アジアナンバーワンから世界一へ
ソフトバンクの孫社長は、6年前にボーダフォンを買収した際に、10年後にはNTTドコモを抜くと宣言していたが、今回の買収によって、スプリントを加えた契約者数は9600万件になり、NTTドコモの6100万件、auの3600万件を遙かに上回ることになる。
「当時は誰も信じなかった」(孫社長)というNTTドコモ超えを、スプリント買収というウルトラCで実現してしまったわけだ。
これまでソフトバンクでは、「アジアナンバーワンのインターネットカンパニー」を目指すことを標榜してきた。
ソフトバンクが出資する日本および中国、アジアのインターネットユーザー数を足すと、アジア最大規模のインターネットユーザー数を誇るという点では、すでにその目標は達成している。
「これはすでに達成したものであり、今後もこれは強化していく」と孫社長は語りながら、次なる目標として、「男子として生まれたからには世界一になりたいという気持ちはある」として、初めて「世界一」という言葉を使ってみせた。

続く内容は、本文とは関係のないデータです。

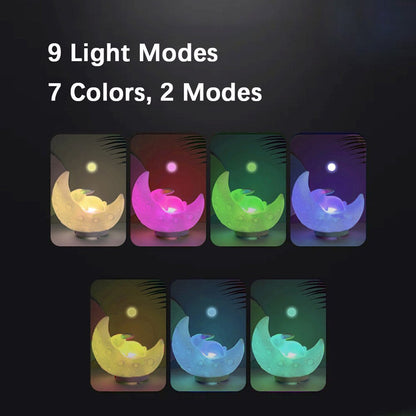 Kawaii Moon Bunny Night Light Speaker Color  Modes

その原動力となるのは、孫社長が語る、「タイムマシン経営の二巡目」戦略である。
孫流「タイムマシン経営」とは
ソフトバンクは、ヤフーをはじめとする米国のインターネット先進企業に出資し、その時間差を利用。日本で同様のビジネスを展開する企業を起こしたり、出資することによってグループ時価総額を拡大するなどの成長戦略を推進。さらに、その実績を中国市場に展開し、中国企業に出資し、その先の戦略として、その成功事例をアジアにも展開する、というサイクルによって事業を拡大してきた。
孫社長は、「今後は、モバイルインターネットの領域において、もう一度、タイムマンシ経営を行うことになる」と語る。
これまでのタイムマシン経営が、「インターネット」を基盤にしたものであるのに対して、今度のタイムマシン経営は「モバイルインターネット」をターゲットとしたものになる。
モバイルインターネットの最先端サービスを米国で展開。これを日本、中国、アジアというように同様に展開することになるという。
「私が生きているうちに、必ず世界一になる」と孫社長は宣言する。
孫社長の人生初の世界一への挑戦が始まった。